Questi 3 governi non eletti da nessuno, hanno eseguito l’ordine impartito dall’europa di svendere il nostro paese, votiamo no alla svendita!

Tra le ragioni del NO a questa “deforma” costituzionale, c’è sicuramente anche la salvaguardia di quel poco di demanio pubblico che ci è rimasto; infatti tra le scellerate azioni condotte dal terzo governo non eletto di questo paese c’è purtroppo anche il completamento della svendita del nostro patrimonio pubblico avviata dai suoi predecessori, a beneficio dei soliti grandi gruppi finanziari internazionali: in un servizio molto ben fatto de “La Gabbia” del 2013 si può chiaramente ascoltare prima il Ministro Saccomanni dichiarare che il Governo sta seriamente pensando di vendere le proprie quote di Enel, Eni e Finmeccanica e poi Lorenzo Codogno, capo direzione analisi economico-finanziaria del Ministero del Tesoro, affermare apertamente che tali svendite non sono ritenute sufficienti, in quanto, cito testualmente, “la vera risorsa sono le utilities a livello locale.

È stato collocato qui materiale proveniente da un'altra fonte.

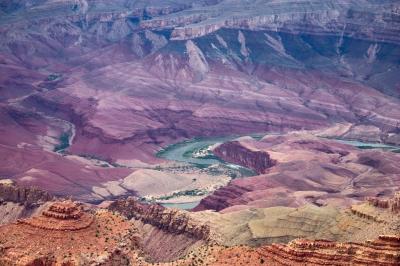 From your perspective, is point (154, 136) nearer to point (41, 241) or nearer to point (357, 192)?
point (357, 192)

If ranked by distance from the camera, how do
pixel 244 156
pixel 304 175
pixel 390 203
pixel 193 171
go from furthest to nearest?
pixel 244 156 → pixel 193 171 → pixel 304 175 → pixel 390 203

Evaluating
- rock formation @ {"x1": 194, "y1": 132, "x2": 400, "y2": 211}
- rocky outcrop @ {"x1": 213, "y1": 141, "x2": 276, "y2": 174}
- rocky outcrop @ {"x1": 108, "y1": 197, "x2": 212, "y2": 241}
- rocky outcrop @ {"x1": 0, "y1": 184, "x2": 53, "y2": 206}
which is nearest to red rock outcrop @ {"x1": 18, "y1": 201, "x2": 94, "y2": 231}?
rocky outcrop @ {"x1": 108, "y1": 197, "x2": 212, "y2": 241}

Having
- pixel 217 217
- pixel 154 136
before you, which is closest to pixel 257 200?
pixel 217 217

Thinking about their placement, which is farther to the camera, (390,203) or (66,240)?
(390,203)

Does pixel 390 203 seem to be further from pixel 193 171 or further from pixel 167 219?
pixel 193 171

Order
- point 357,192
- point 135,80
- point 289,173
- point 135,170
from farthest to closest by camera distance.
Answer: point 135,80 → point 135,170 → point 289,173 → point 357,192

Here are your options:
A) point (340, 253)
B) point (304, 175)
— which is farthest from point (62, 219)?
point (304, 175)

Lì sono veramente tanti, tanti miliardi; il problema è che non sono nostri, dello Stato, ma sono dei Comuni delle Regioni ecc. e quindi bisogna cambiare il Titolo V della Costituzione ed espropriare (utilizza proprio questo termine, potete verificarlo) i Comuni e le Regioni”.

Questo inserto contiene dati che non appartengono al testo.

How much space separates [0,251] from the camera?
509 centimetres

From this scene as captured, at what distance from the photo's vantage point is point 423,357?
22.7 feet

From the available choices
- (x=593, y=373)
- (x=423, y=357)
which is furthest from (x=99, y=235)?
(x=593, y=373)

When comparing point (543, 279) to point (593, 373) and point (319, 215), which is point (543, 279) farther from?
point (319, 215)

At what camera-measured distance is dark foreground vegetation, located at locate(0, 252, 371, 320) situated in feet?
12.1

Analizzando il contenuto della riforma costituzionale, leggiamo che tra le varie nefandezze c’è proprio la modifica del titolo V, nella direzione appena evidenziata: il nuovo art. 117, infatti, prevede l’eliminazione delle materie di competenza concorrente tra Stato e Regioni, con attribuzione della competenza legislativa esclusiva allo Stato di varie materie, tra cui “la regolamentazione della produzione, del trasporto e della distribuzione nazionali dell’energia, delle infrastrutture strategiche e delle grandi reti di trasporto e di navigazione di interesse nazionale e dei porti ed aeroporti di interesse nazionale ed internazionale.”

La riforma prevede inoltre che la Camera, unico organo che in base al nuovo assetto rimarrà titolare della funzione legislativa, potrà in ogni caso approvare leggi nei campi di competenza delle regioni, “quando lo richieda la tutela dell’unità giuridica o economica della Repubblica, ovvero la tutela dell’interesse nazionale”.

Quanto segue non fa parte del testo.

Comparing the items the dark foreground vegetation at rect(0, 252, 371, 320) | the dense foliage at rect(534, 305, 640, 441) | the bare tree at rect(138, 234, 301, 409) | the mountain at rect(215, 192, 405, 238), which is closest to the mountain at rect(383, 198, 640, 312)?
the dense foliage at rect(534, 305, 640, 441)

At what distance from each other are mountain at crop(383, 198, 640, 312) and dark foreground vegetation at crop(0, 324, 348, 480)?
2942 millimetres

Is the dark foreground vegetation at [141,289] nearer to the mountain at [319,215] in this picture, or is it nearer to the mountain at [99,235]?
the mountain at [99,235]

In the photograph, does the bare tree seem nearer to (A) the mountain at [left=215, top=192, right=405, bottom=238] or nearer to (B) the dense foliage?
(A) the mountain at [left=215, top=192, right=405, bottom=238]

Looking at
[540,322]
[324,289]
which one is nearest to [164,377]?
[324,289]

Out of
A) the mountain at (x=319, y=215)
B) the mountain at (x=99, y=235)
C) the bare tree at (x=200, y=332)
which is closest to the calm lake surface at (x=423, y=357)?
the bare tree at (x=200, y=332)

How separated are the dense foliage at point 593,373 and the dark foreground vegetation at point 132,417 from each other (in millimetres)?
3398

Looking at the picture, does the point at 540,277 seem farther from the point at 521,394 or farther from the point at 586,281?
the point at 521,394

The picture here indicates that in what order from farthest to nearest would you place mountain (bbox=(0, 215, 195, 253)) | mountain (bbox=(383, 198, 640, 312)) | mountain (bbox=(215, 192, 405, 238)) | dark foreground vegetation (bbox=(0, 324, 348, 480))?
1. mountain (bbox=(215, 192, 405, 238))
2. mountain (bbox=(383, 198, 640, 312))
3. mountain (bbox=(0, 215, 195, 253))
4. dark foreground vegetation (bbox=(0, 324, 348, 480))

Così, a scanso di equivoci, se qualche regione dovesse tentare di mettere i bastoni tra le ruote alla svendita programmata, è già stato previsto il meccanismo per impedirglielo!

Quindi capite bene che dietro questa manovra si cela un’operazione molto delicata, che risponde esattamente ai dettami impartiti dall’Europa e cioè di privatizzare, o meglio svendere, tutto ciò che è produttivo.

Fino al punto in cui, non rimanendo più nulla di pubblico, non avrà neanche più senso parlare di Stato!